Fundamentally if you're a sell-side M&A banker your job is to find a buyer and get them to overpay for the company you're selling. I mean, oh, you know, you're a repeat player and reputational concerns and continued business relationships and all that militate against getting them to overpay too much. But mostly, the more they overpay the better you've served your client. Also, though, those reputational things etc., plus lots of fraud laws, militate against getting buyers to overpay by deceiving them about stuff relating to the company you're selling. You can't, like, just go forge financial statements. That's cheating, and not in an admiring hahaha-you-got-me way. In a jail way.
So what's left? One thing you can do is gently deceive them about the competitive dynamic. This might seem a little silly - if you're buying a company, shouldn't you be carefully determining its fundamental value rather than just bidding a penny more than whoever else is in the auction? - but in fact a lot of the M&A function is pretty much exactly that. You set up an auction, you demand confidentiality, you forbid bidders from talking to each other, you don't tell them each others' bids, you don't announce to the world when a bidder has dropped out, all with the goal of creating the appearance of more competition than there is. When the bidders share too much information about their bidding plans with each other, you sue them. If a possibly viable but spivvy bidder comes along, you encourage them to stick around and throw out big numbers, just to keep the other bidders on their toes. "Yes, Carl Icahn, please, tell us more about your plans to buy our company," is a sentence you might find yourself saying. You don't outright lie, but you do your best to create the impression that your particular fertilizer-byproducts company is the prettiest girl at the dance or whatever the going metaphor is.
Or just do this:
Wormsley allegedly made numerous statements that caused Terra Firma to bid more than necessary in order to acquire it. Specifically, on May 18 and twice on May 20, 2007, Wormsley allegedly informed Hands that Cerberus was bidding 262 pence per share for EMI Group and that Terra Firma would have to exceed that bid to win the auction. Wormsley also allegedly knew that Cerberus had pulled out of the auction as of May 19.17
Allegedly! As alleged by Guy Hands, founder of Terra Firma Capital Partners, which agreed to buy EMI Group for 265 pence the next day, May 21, 2007, rushed into the deal by Cerberus's fictitious competition. On the other hand, David Wormsley, the Citi banker who arranged the financing for the LBO,1"testified that he didn’t remember the specifics of any of the conversations, [and] told jurors he never lied to Hands about the auction." Though one imagines that he didn't, like, call up Hands to let him know as soon as Cerberus dropped out, and that if Hands said "oh I'm worried about Cerberus outbidding me" Wormsley didn't exactly rush to reassure him. You gotta keep up the fiction. Speaking of which, here's how EMI announced the deal:
"The EMI board received a number of proposals from several different parties," EMI Chairman John Gildersleeve said in the statement. "Terra Firma's offer is the most attractive proposal received and delivers cash now, without regulatory uncertainty and with the minimum of operational risk to the company."

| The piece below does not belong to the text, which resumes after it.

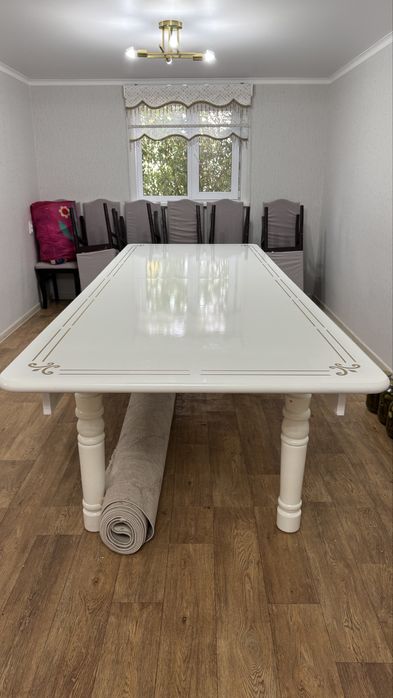 Продам бу стол гостинная 1м*4 м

Terra Firma's offer was the most attractive in that, unlike the other proposals, it:
- delivered cash now,
- had no regulatory uncertainty,
- created a minimum of operational risk, and
Anyway Terra Firma sued over those disputed phone calls, and Citi won at trial two and a half years ago, presumably because the jury believed Wormsley over Hands. But Hands will get another go because today the Second Circuit reversed on honestly some staggeringly boring conflict of laws points. Mazel tov David Boies, who argued the case for Hands, but that's all we're going to say about that. The new trial, other than some slight changes in the jury instructions, should be the same as the old one; as the court of appeals put it "The basic conflict in this case is of the he-said-she-said variety," though I'm not sure which of Wormsley and Hands gets to be the "she" here.

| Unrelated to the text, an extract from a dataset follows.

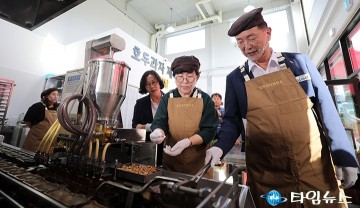 “성심당? 상심당! 김제선·김옥향, 호두과자 만들며 웃음꽃”
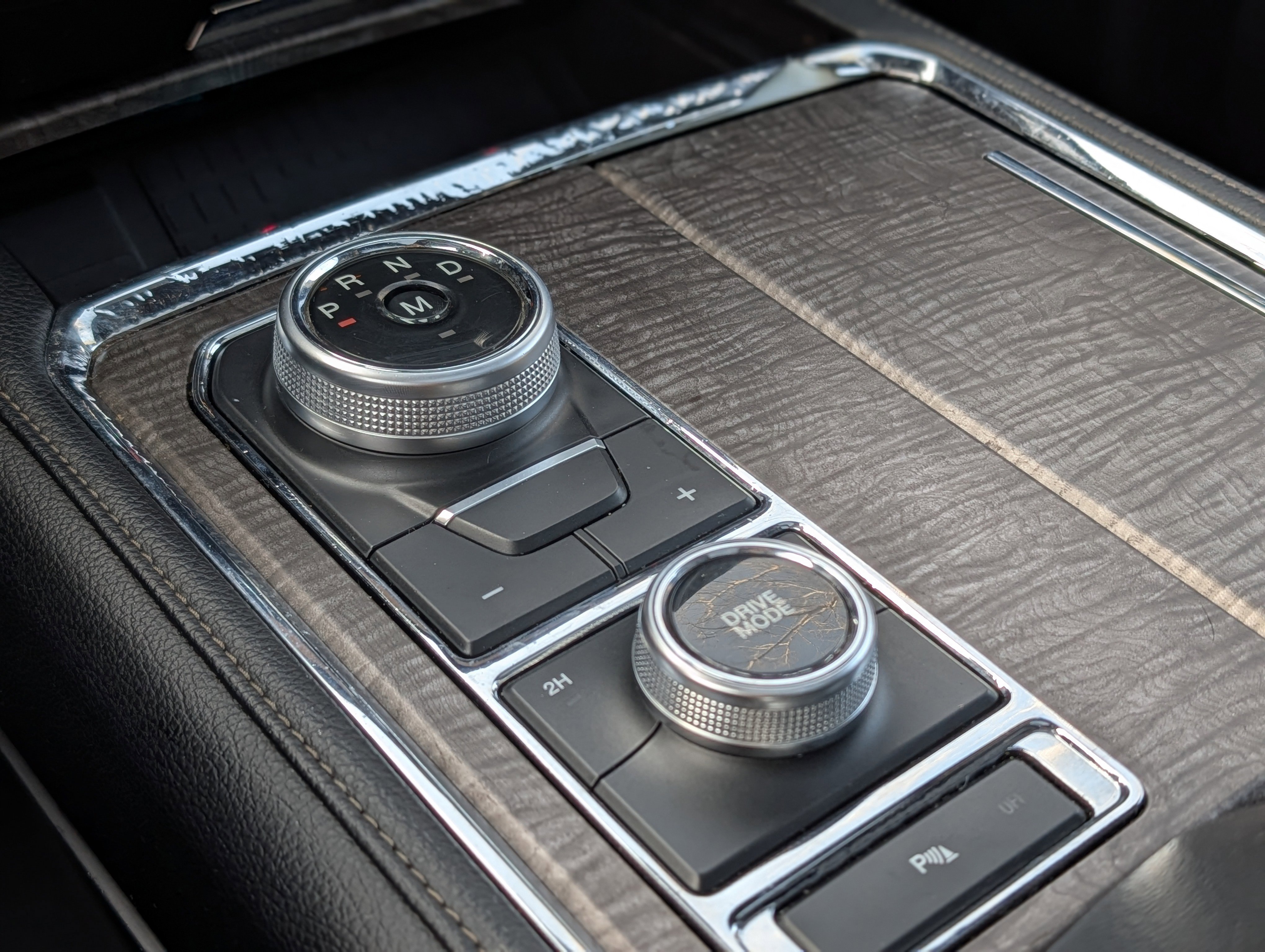 Used 2019 Ford Expedition Max Limited image 17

But it'll still be sort of fun. This case reminds me a little of Jesse Litvak, my favorite former Jefferies bond trader, who made some incremental, possibly criminal, innovations in bond dealing like so:
- Old method: moan to your customer and imply that you can't afford to sell at these levels, he's getting a great deal, you're losing money on the trade, your trader will kill you, your manager will fire you, your wife will divorce you, etc., without actually lying about the price you paid for the bonds you're selling.
- New method: same, but with the actual lying.

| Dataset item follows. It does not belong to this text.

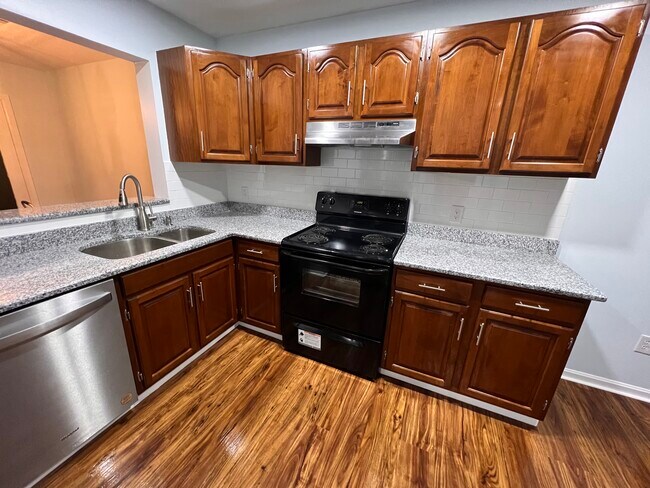 New granite countertops - 234 Crescent Dr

Similarly, the proper method of conducting an M&A auction with one bidder is to create the sense - through secrecy, indirection, body language, tone of voice, procedures, hints, knowing looks, but not actual lies - that there are a bunch of other highly competitive bidders.3 The improper method is to be like "oh Cerberus is bidding 262 and you need to beat that." I dunno, those things are pretty close. You can understand why Hands might remember it one way and Wormsley another.
Terra Firma Investments (GP) 2 Limited v. Citigroup Inc. [2d Cir.]
Terra Firma Gets New Trial in Citi Suit Over EMI Deal [WSJ / Moneybeat]
1.Oh, yeah: Citi both advised EMI and "provided $4.8 billion in loans to finance the EMI acquisition." People often criticize "stapled" financing like this for any number of reasons, mostly conflicts-related - it gives the seller's advisors incentives to favor a private equity bidder, and even more than just regular deal fees it incentivizes them to get a deal done even if it's not great for the seller so they can earn the financing fees. (You could paint both pictures here: "Warner Music offered 260 pence a share in March, a bid EMI said at the time was 'inadequate,'" only to accept a 2% higher offer from a private equity firm two months later.) On the other hand! By overpaying and over-borrowing, Hand lost control of EMI to Citi. Which possibility maybe gave them some price-maximizing incentives.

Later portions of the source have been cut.